La Legge 4/2026 Agrivoltaico introduce il concetto di “idoneità ex lege”. Significa che aree come cave dismesse, siti industriali e zone adiacenti alle autostrade sono considerate automaticamente idonee, riducendo i tempi di autorizzazione di 1/3 e limitando la discrezionalità degli enti locali.

Come vengono effettuati i controlli dai Comuni?

Secondo il Testo Unico FER 2026, i Comuni devono verificare per 5 anni che l’impianto mantenga l’attività agricola. Se la produzione agricola scende sotto l’80% della produzione lorda vendibile (PLV) dichiarata, sono previste sanzioni e la possibile perdita della qualifica di impianto agrivoltaico.

È ancora possibile installare il fotovoltaico a terra in zona agricola?

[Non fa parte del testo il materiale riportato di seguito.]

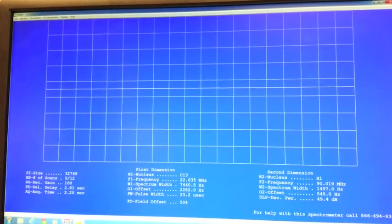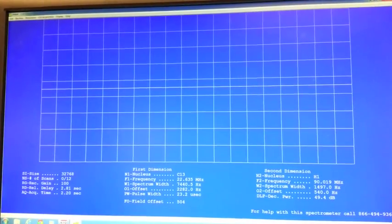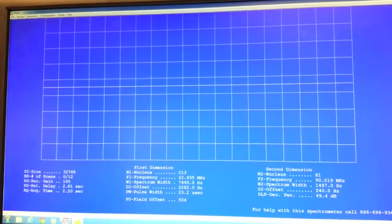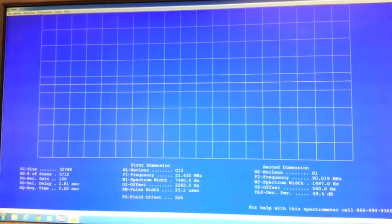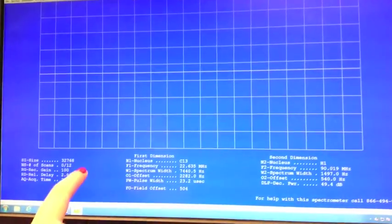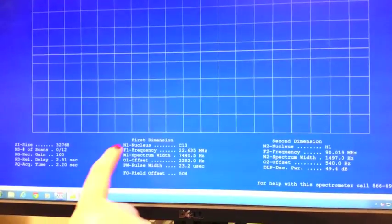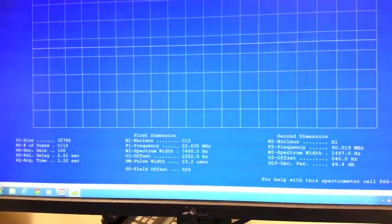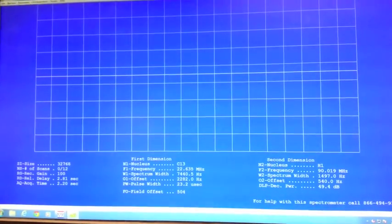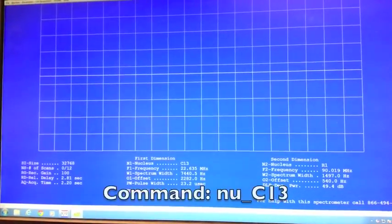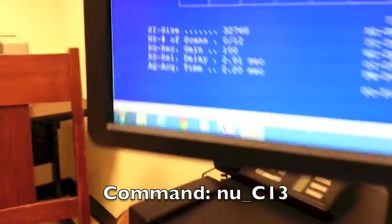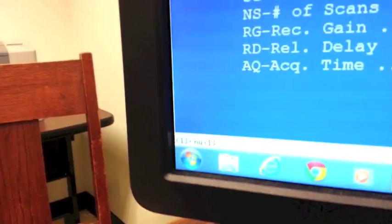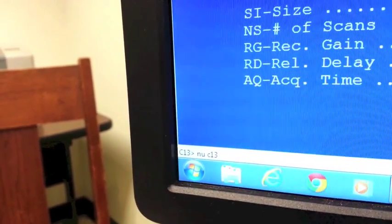Once you've inserted your sample into the machine and made sure it's spinning, you want to come over to the computer and actually take your scan. Whenever you're taking a scan, the first thing you want to check is the nucleus. In our case, we want to take a C13, so we want to make sure the nucleus says C13. If it didn't say C13, you can type in NU space C13 and hit enter.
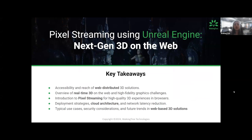Hi everyone. Welcome to our webinar: Pixel Streaming Using Unreal Engine — Next Gen 3D on the web. My name is Anjali, and I will be hosting today's webinar on behalf of Walking Tree Technologies. We have an engaging session ahead where we'll explore how Pixel Streaming with Unreal Engine brings next-gen 3D experiences to the web, improving accessibility and performance.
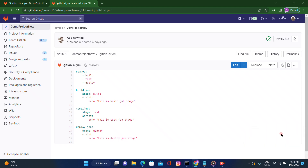Hello guys, welcome to our channel. In this session we are going to see how to use include files in YAML. First of all, why is the include keyword required here? We are using one YAML file called .gitlab-ci.yaml and defining all the stages in this file. What I want to do is break down all these stages into separate YAML files and execute them from the main YAML file — that's why we are using the include keyword.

Sì, ma con forti restrizioni. La Legge 4/2026 Agrivoltaico lo consente solo per le Comunità Energetiche Rinnovabili (CER) o per progetti finanziati dal PNRR. Per tutti gli altri casi, l’unica via ammessa in zona agricola è l’agrivoltaico con moduli elevati da terra.

Cos’è il “Contatore SAU” introdotto dal MASE?

Il Contatore SAU è uno strumento digitale che monitora in tempo reale quanta Superficie Agricola Utilizzata è occupata da impianti FER. Le Aree Idonee Fotovoltaico 2026 a livello regionale devono restare entro un limite compreso tra lo 0,8% e il 3% della SAU totale.